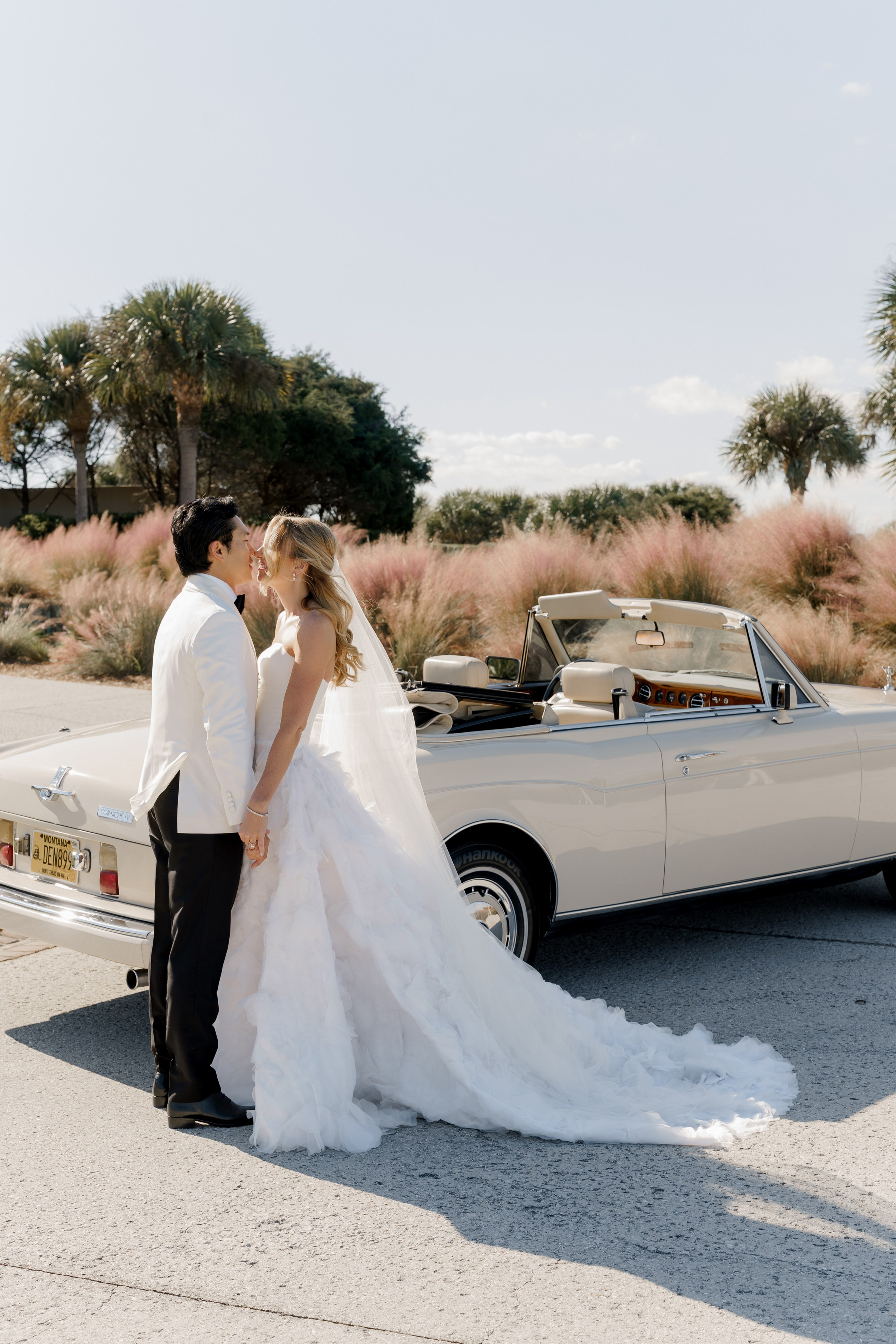 Marci and Yi. Wedding photographer and videographer New York | New Jersey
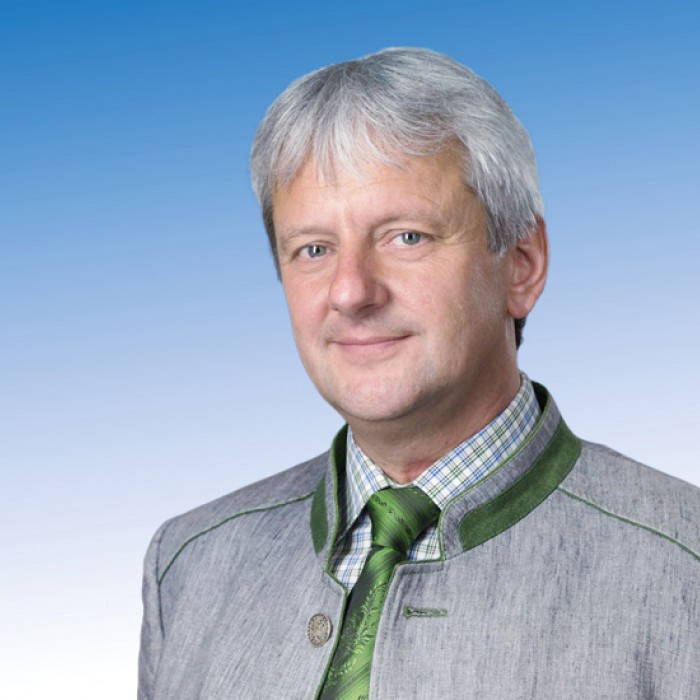 Landtagsabgeordneter Krammer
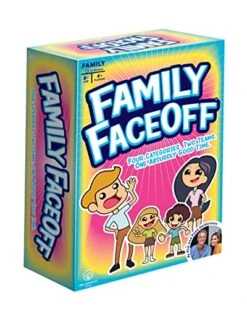 Skyler Imagination - Family Faceoff | Fun Active Game Meant To Get You Moving With The Holderness Family - Best To Play With Family During Rainy Day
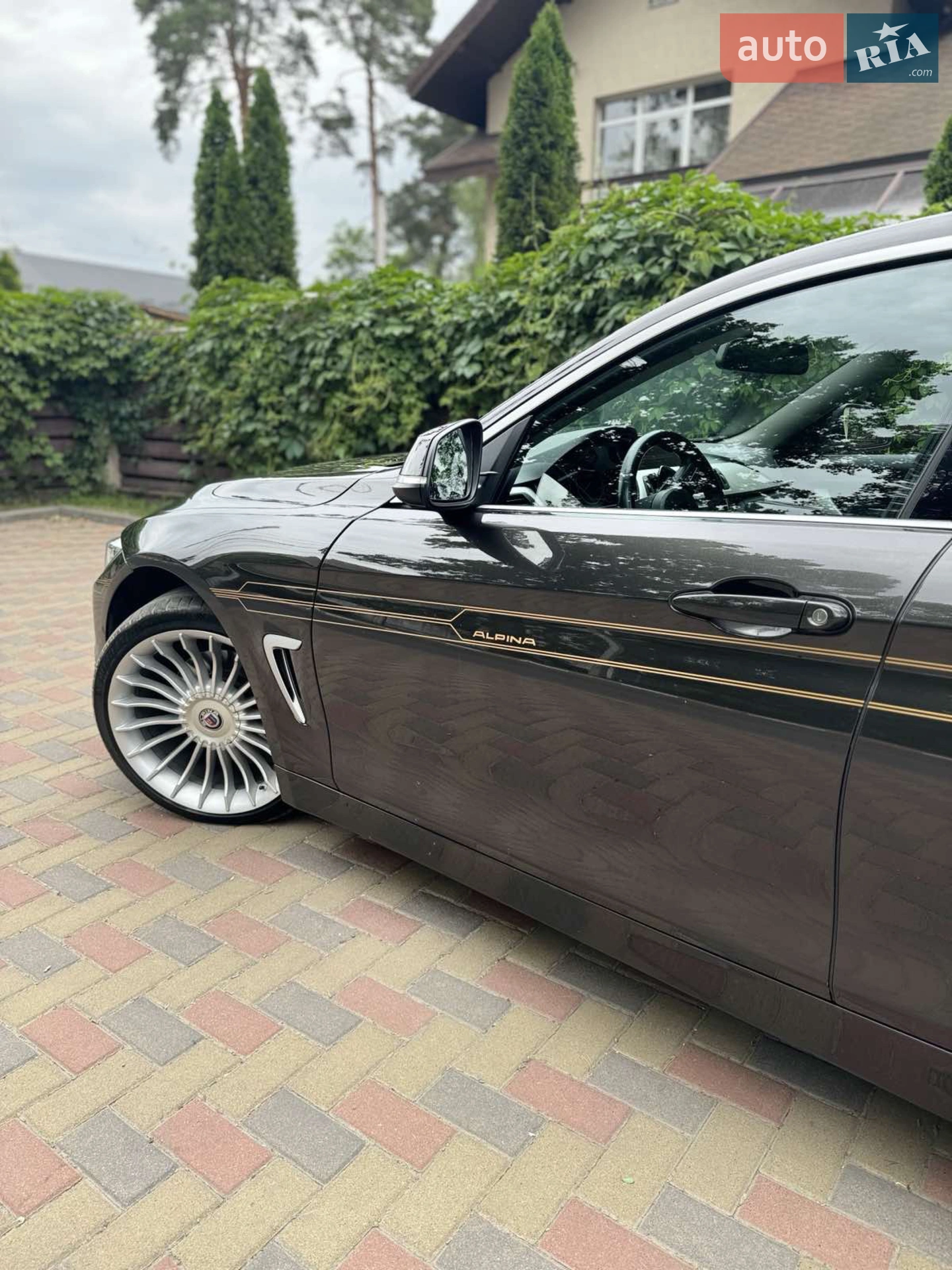 2015 BMW 4er - мініатюра 4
•••
Problem description »
Leave out all pictures, then copy the remaining material exactly.

Your solution »
 Marci and Yi. Wedding photographer and videographer New York | New Jersey
 Landtagsabgeordneter Krammer
 Skyler Imagination - Family Faceoff | Fun Active Game Meant To Get You Moving With The Holderness Family - Best To Play With Family During Rainy Day
 2015 BMW 4er - мініатюра 4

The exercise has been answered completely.